Editorial: Let voters follow the paper trail
Tuesday, Nov. 5, 2002 | 9:08 a.m.
It's Election Day. Do you know where your candidates' financial disclosure statements are? If you're answering no, don't feel alone. Some statements are in the mail. Some haven't even been filed yet. Some are at the Clark County Election Department. Some are in Carson City. Few of the statements for the current filing period are online. And should you be fortunate enough to obtain a current statement, would it answer all your questions, such as: What is the campaign's fund balance? How much has the candidate raised in total? Are the candidate's finances in the red or black?
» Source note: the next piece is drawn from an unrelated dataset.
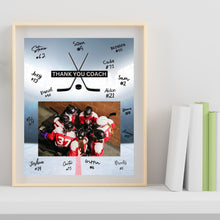 Load image into Gallery viewer, Hockey Coach Gift Frame Template Design Download Digital File Size Print Thank You Hockey Trainer Team Photo Memory Keepsake Rink Background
Unfortunately, to answer those basic questions, a voter would need statements from all past campaign-finance reporting periods. No single statement, except for the first one filed by a first-time candidate, contains a campaign's whole financial picture. Obtaining the back statements would require money to pay per-page copying fees -- a contributions and expenses report can be dozens of pages at anywhere from 25 cents to $1 a page. This could be a significant expense if the voter wanted to check on several candidates. Finding those answers would also require a calculator and a lot of time, and possibly a trip to Carson City. And once you went to this trouble, could you then feel confident of learning accurate information? Don't count on it. For many of the candidates, the forms are too complicated and they fill them out wrong.
Secretary of State Dean Heller, who is in charge of Nevada elections, should create a task force that would include critics -- there's no shortage of them -- of the campaign financial forms now in use. The forms have been roundly panned for at least the last decade and are still flawed, despite some efforts to improve them. This task force, for once and for all, should come up with forms that are easy to understand, easy to access, and that quickly and conveniently provide all of the information to which voters are entitled.